ACA Connects said some labeling rules that the FCC wants to remove "are administratively complex, difficult to automate, technically disruptive, and, as a general matter, provide little or no meaningful benefit to consumers." Having to configure websites to render full labels "has been unexpectedly costly and technically challenging" for small and midsize providers that use third-party vendors or legacy site templates, the group said, and letting providers show broadband labels via an icon or link rather than embedding the full label on every point-of-sale webpage would ease that burden. Breezeline likewise argued for allowing a link or icon, saying that the label plus service-specific promotional text on the marketing page is overwhelming for many customers and often creates unnecessary confusion.

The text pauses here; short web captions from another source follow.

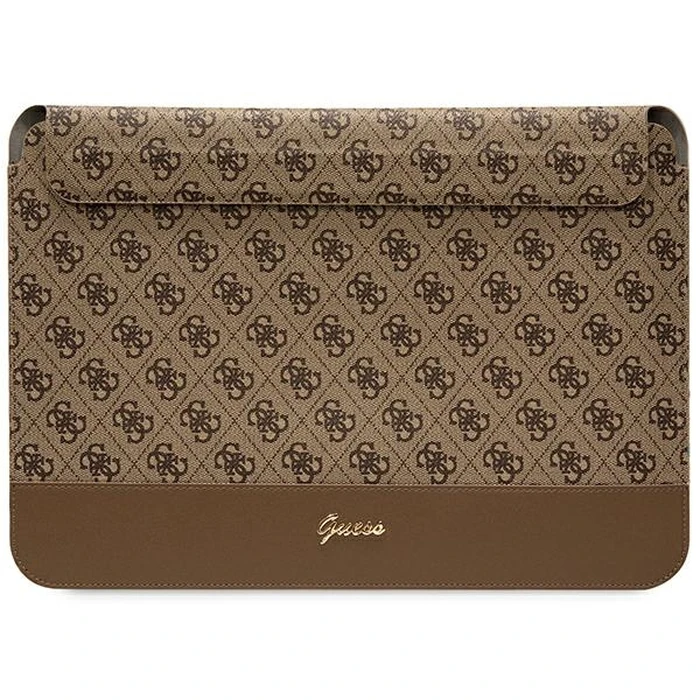Guess Sleeve GUCS14PS4SGW 14 inch brown 4G Stripe Metal Logo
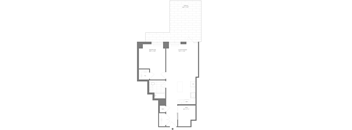 A floor plan of a building with multiple rooms and a staircase.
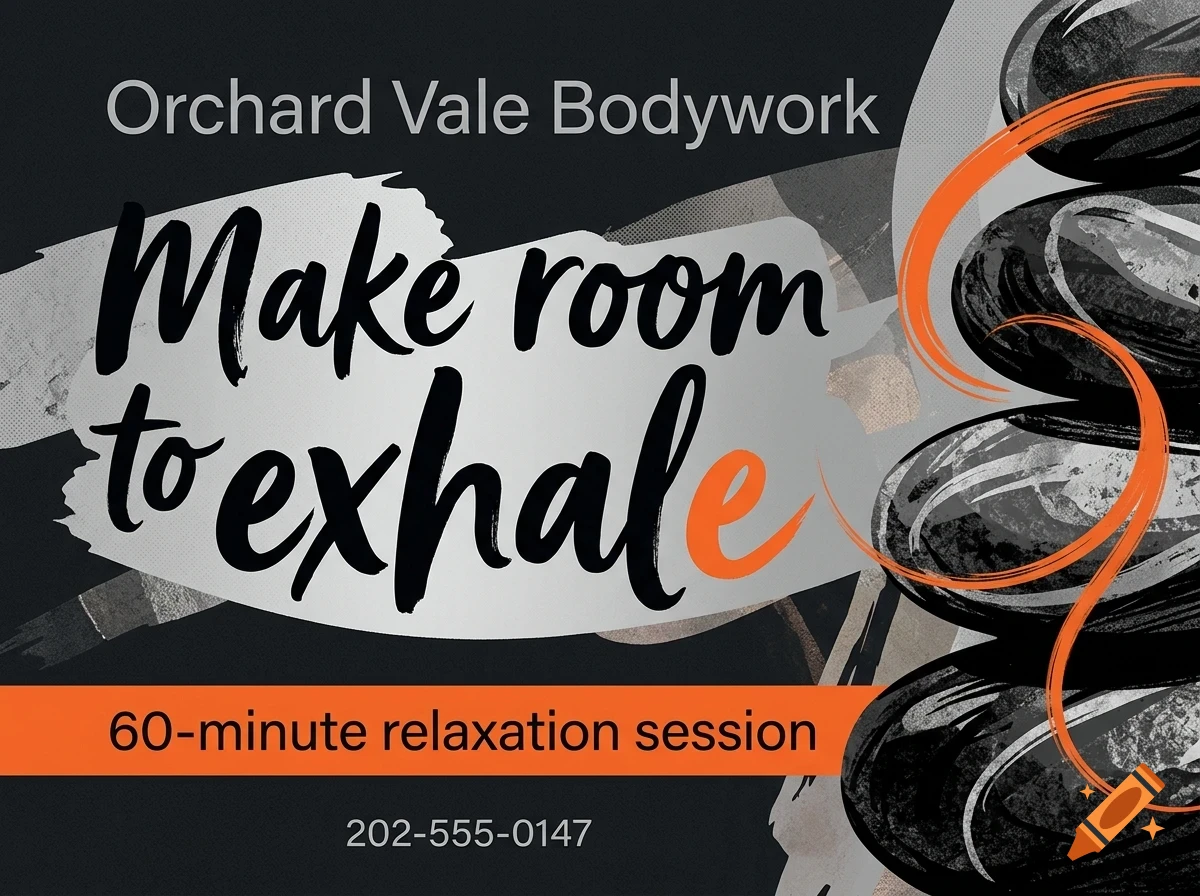 An advertisement for Orchard Vale Bodywork featuring stacked smooth stones and the text Make room to exhale.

A single label format requirement "constrains innovation ... and may not reflect the diversity of offerings or customer preferences across regions and technologies," said Incompas. The approach used for nutrition labels never quite fit broadband services, it said, and the fact that the FCC and FTC haven't used that approach in adjacent markets shows that the broadband labeling regime "addresses a theoretical, rather than an actual, market failure."
Label Allies
The proposed labeling changes "are not about fixing what is broken [but] about making the problem of junk fees, hidden charges, and difficult-to-understand billing worse," said groups including Public Knowledge, the Open Technology Institute at New America and the National Consumer Law Center. They said the FCC should set up a staff group to receive and investigate consumers' labeling complaints and look for patterns of not complying. That meaningful data would let the agency "make an informed [judgment] about what requirements serve consumers and which do not."

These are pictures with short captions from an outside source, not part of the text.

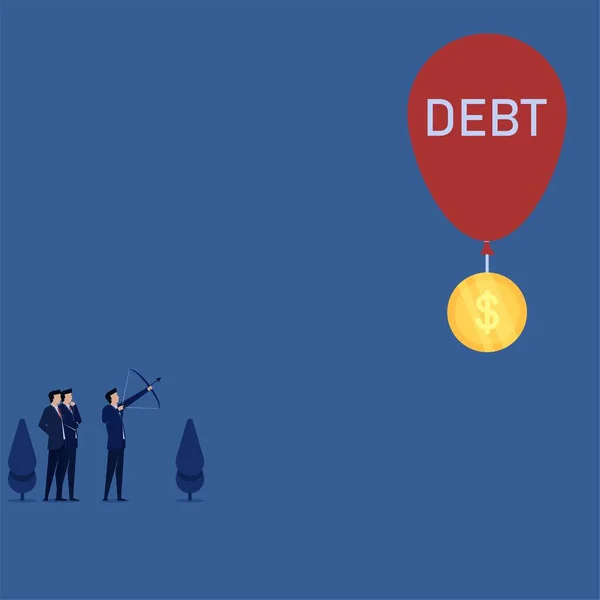 Business Flat Vector Concept Businessman Aim Coin Fly Balloon Debt — Stock Vector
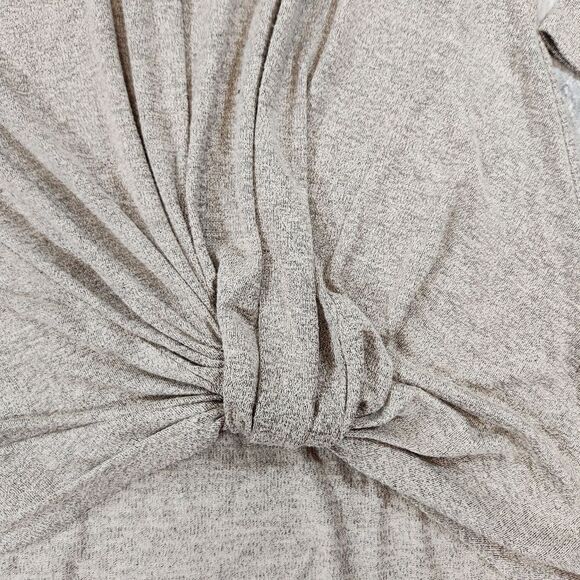 🇬🇪🍑Kori Tan Lightweight Knotted Front Long Sleeve Tunic Top Large - Picture 7 of 10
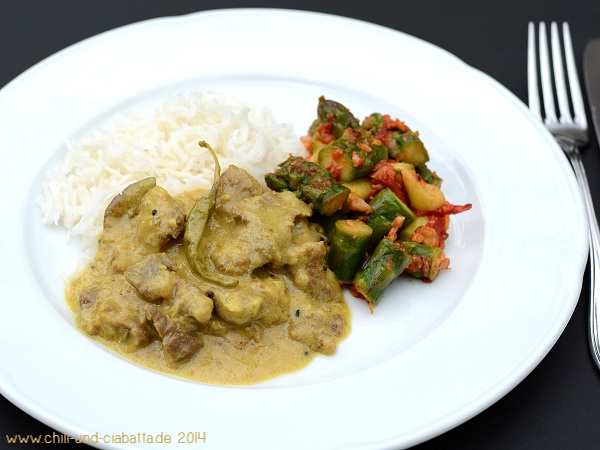 Lamm in Currysauce mit Spargel Subzi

AARP said ISPs haven't shown or quantified any supposed compliance burden. "It seems likely that the cost of compliance pales in comparison to the vast revenues that ISPs derive from their residential customers." Telephone-based information "is essential, especially for older adults." AARP also said the FCC should keep a placeholder for any replacement of the affordable connectivity program, thus guaranteeing that it doesn't have to re-create the work done before on ACP-related labeling. The Utility Reform Network added that axing significant accessibility and transparency provisions would violate the plain language of the Infrastructure Investment and Jobs Act.

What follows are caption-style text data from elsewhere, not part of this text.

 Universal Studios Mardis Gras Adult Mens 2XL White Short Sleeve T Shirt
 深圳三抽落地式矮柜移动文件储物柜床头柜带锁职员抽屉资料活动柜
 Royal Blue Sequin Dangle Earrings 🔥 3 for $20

A coalition of disability advocacy organizations similarly said some of the FCC's proposals "will impede accessibility, undermine transparency, and could potentially weaken compliance with obligations under" the 21st Century Communications and Video Accessibility Act and the Americans With Disabilities Act. Any changes that the agency ultimately adopts should explicitly reaffirm ISPs' obligations to maintain accessible broadband information and interfaces, said the groups, including Deaf Equality, the Association of Late-Deafened Adults, the Conference of Educational Administrators of Schools and Programs for the Deaf, and the Cerebral Palsy & Deaf Organization.